There's no explicit reason we couldn't add functionality to do this - but currently, that logic is handled entirely in the CLI
the issue is that there's no way to have more complex defaults - like to be able to take a "docker:dind" and have some additional packages installed with it
I think that's implied, passing it from the CLI has the same drawback right?
My concern is more around consistency. There's something that the CLI can do but not the pragmas. I have to handle pragmas differently based on whether they are core types or not.
@tall geyser I think nobody thought about it before. It could either be an awesome convenience, or a confusing leak of CLI convenience into the function's code.
For example, for a directory argument, you might expect this to work: // +default=./src but if won't, because of sandboxing.
It might be better to start with what @ember frost suggested: let it default to nil, then handle that in the function code.
After some mileage, we can re-evaluate if more is needed.
yeah, honestly, we never really though about this 😄
Alright, we'll wait for further feedback.

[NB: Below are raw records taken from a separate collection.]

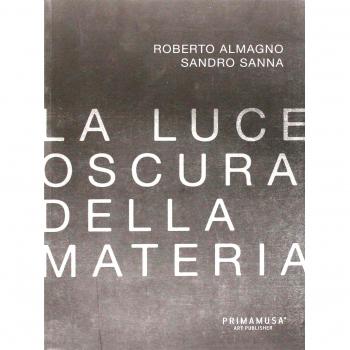 La luce oscura della materia. Opere di Roberto Almagno e Sandro Sanna. Ediz. multilingue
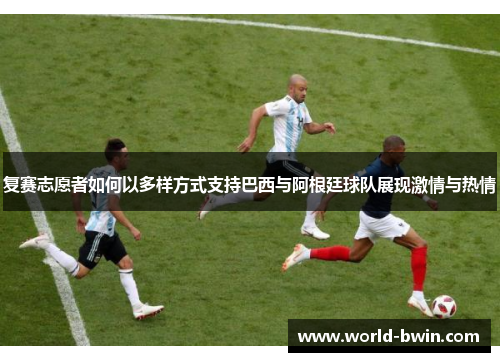 复赛志愿者如何以多样方式支持巴西与阿根廷球队展现激情与热情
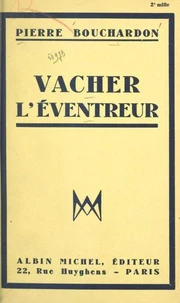 Vacher, l'éventreur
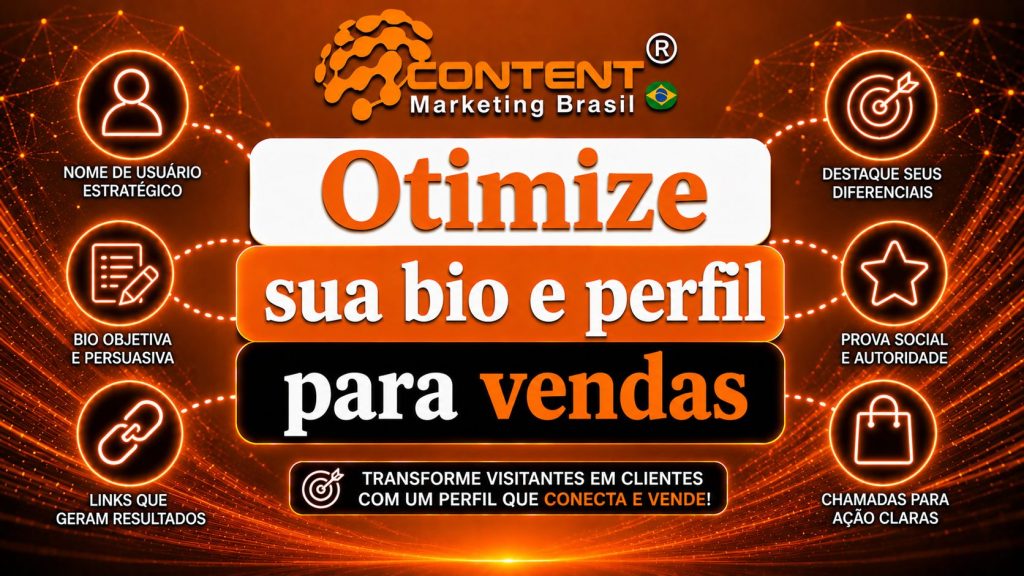 Arte em fundo preto e laranja com o logo da Content Marketing Brasil no topo. No centro, aparece o texto “Otimize sua bio e perfil para vendas”. Ao redor, há ícones e frases sobre nome de usuário estratégico, bio objetiva, links, diferenciais, prova social e chamadas para ação, destacando a otimização do perfil para converter visitantes em clientes.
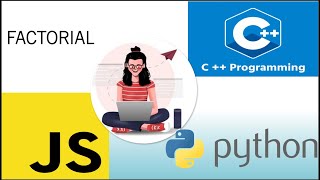 Factorial Program in JavaScript, Python, and C++ | Coding Tutorial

My thought process was if I can pass a folder as string via CLI, I should be able to set that same value as a default input. It works great for strings, lists, maps? But not for any of the core types that are specified via strings in the CLI. But I can sort of see the other side to this too. I'll play around with defaulting to nil .
This leads us to the "Ambient System Access" problem: #daggernauts message
The CLI has more privileges than a function, so possible defaults in a function's code doesn't match all possible CLI values.
Right, and that could get confusing to devs. Nothing that good documentation can't solve.